О роли крестьянства в гражданской войне на Северо-Западе России писали С. В. Яров, Т. В. Осипова и Л. Г. Новикова[49], однако карельские сюжеты не получили в их работах должного освещения. М. И. Шумилов, один из авторов «Истории Карелии с древнейших времён до наших дней» и вовсе следует в русле традиционной историографии и избегает вывода о том, что именно непопулярная политика большевиков привела к многочисленным крестьянским восстаниям и сделала крестьян основными участниками антибольшевистского движения[50]. В то же время, как показывает Лаура Энгельштейн, именно война против крестьянства, которая порождала свои институты власти, стала самой сутью гражданской войны[51]. Более того, недавние исследования авторов этих строк демонстрируют, что именно крестьянство выступало в качестве основного противника советской власти в Карелии, поскольку «классическое» белое движение в этом регионе не сложилось[52].

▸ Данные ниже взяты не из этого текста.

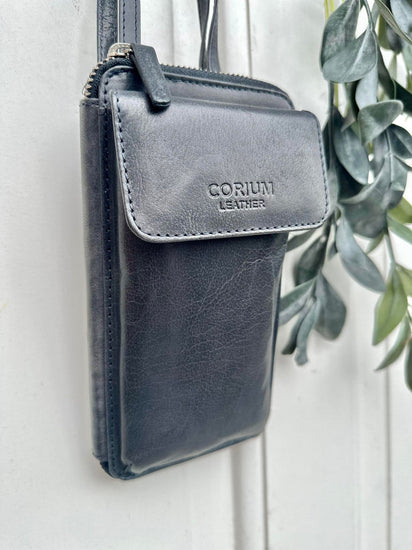 Mobil crossbody FREJA - Vintage blue - VIAMAJA.DK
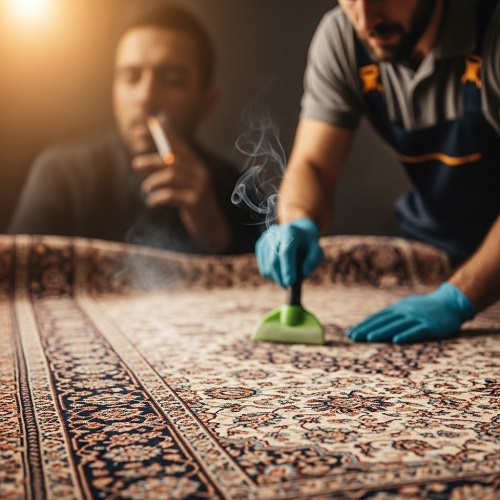 از بین بردن بوی سیگار از فرش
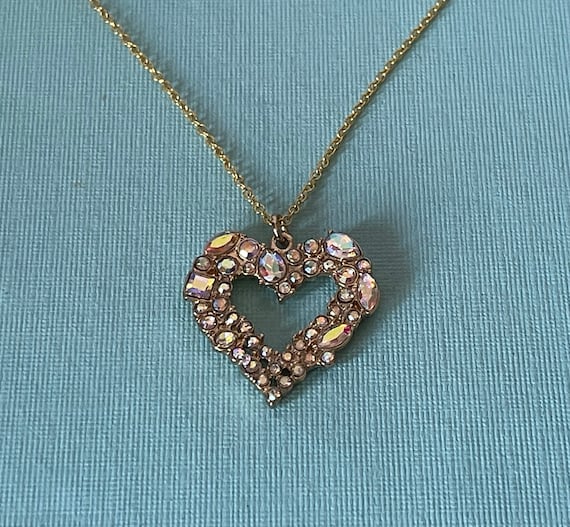 Rhinestone heart necklace, heart jewelry, gifts f… - image 1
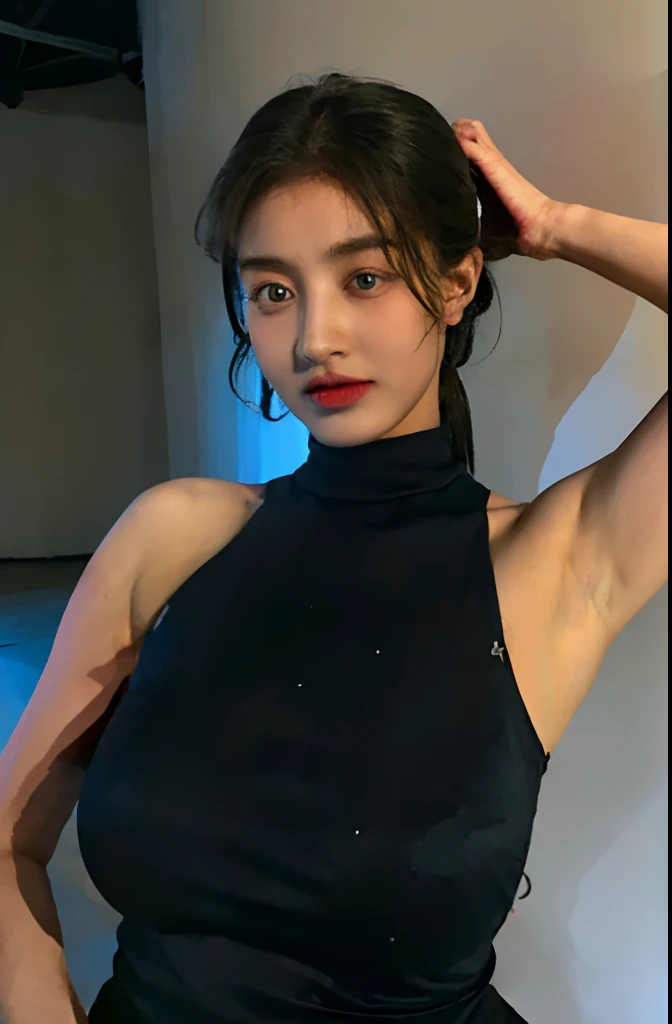 1 girl, (Ultra Real), (Illustration), (High Resolution), (8K), (Very Detailed), (Best Illustration), (Beautiful Detailed Eyes), (Best Quality), (Ultra Detailed), (Masterpiece), showing armpit, curvy, big breast, gorgeous, perfect, black sleeveless turtleneck, arms up, sweating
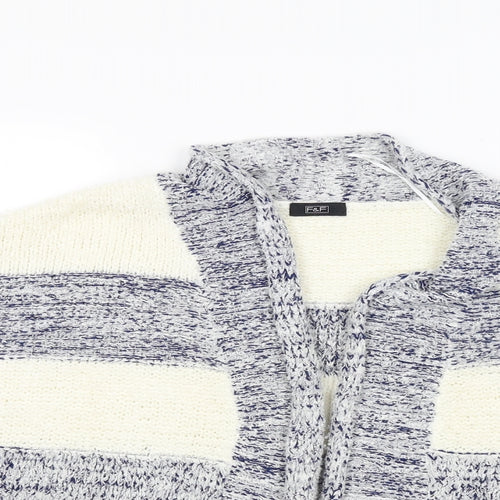 F&F Womens White Striped  Cardigan Jumper Size 6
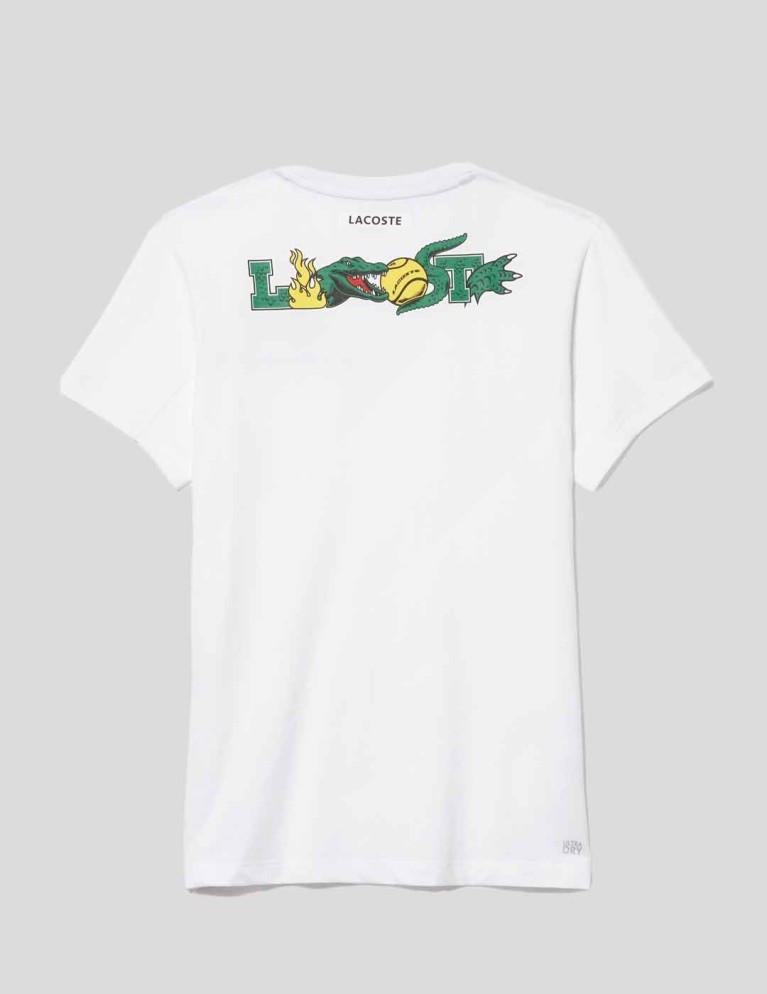 LA SOSTEGNO T-shirt tennis stampato tee blanc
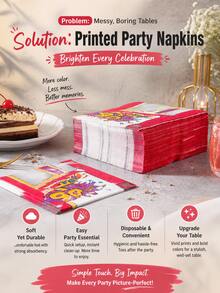 Joivida 2 Sets 90er Jahre Retro bedruckte Party Servietten, 20 Stücke/Set Einweg Soft Holzzellstoff Cocktail Servietten, bunte nostalgische "Ich liebe die 90er" Muster quadratische Papierservietten, saugfähig & strapazierfähig für Dining, Restaurants, Geburtstage, Junggesellinnenabschiede & thematische Partys, Veranstaltungen & täglichen Gebrauch - Mehrfarbig - Übersicht 10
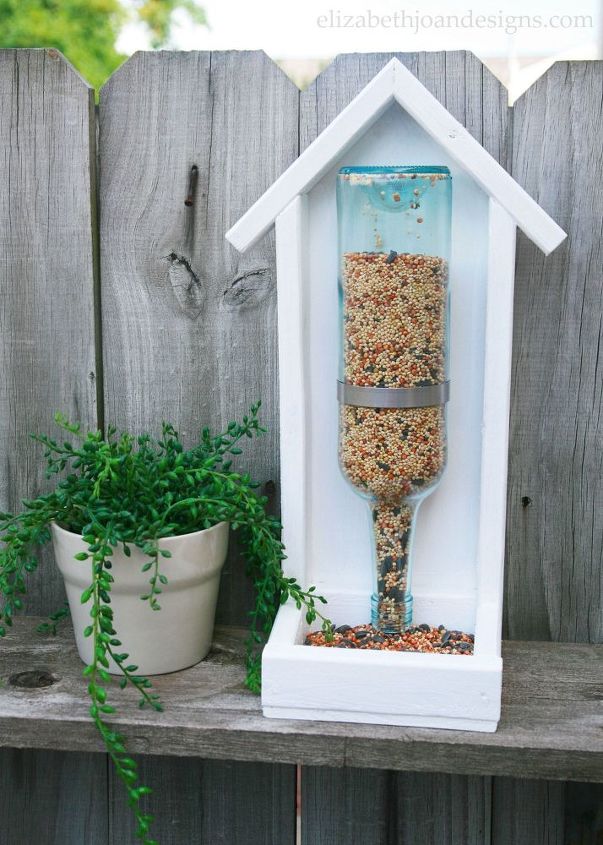 how to build a wine bottle bird feeder, crafts, how to, repurposing upcycling, woodworking projects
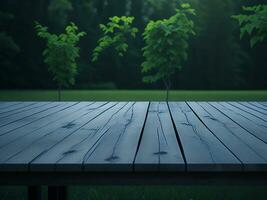 Wooden table and blur tropical green grass background, product display montage. High quality photo 8k FHD AI generated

В последние десятилетия историческая наука обогатилась несколькими пионерскими работами, посвящёнными карельским событиям периода гражданской войны. Одними из наиболее ярких следует считать исследования Е. Ю. Дубровской, которая использовала ранее неизвестные архивные материалы, в том числе собрание карельского Истпарта, представляющее собой главным образом коллекцию воспоминаний участников карельских национальных формирований[53]. Именно в её работах впервые была описана история Карельского отряда, а также даны мини-портреты главных участников событий, таких как один из организаторов Карельского отряда, рано погибший Ииво Ахава. Исследованиям Дубровской свойственны новые подходы обращение к проблематике исторической памяти, гендерным проблемам и истории повседневности[54].
Тенденция последних лет, которой придерживаются и авторы этих строк это погружение в историю национального движения на уровне отдельных волостей и деревень; введение в научный оборот, помимо общегубернских, материалов волостных и уездных исполкомов, военревкомов и парткомов, позволяющих понять, какие процессы шли в каждой деревне или волости. Подобный подход очень полезен именно для исследования такого феномена, как гражданская война, которая представляла собой противоборство не только политически детерминированных «сверху», но и стихийно возникающих «снизу», в народной гуще, сил. В этой работе мы покажем, как развивались сепаратистские настроения в Карелии, а местное население вынуждено было лавировать между противоборствующими силами.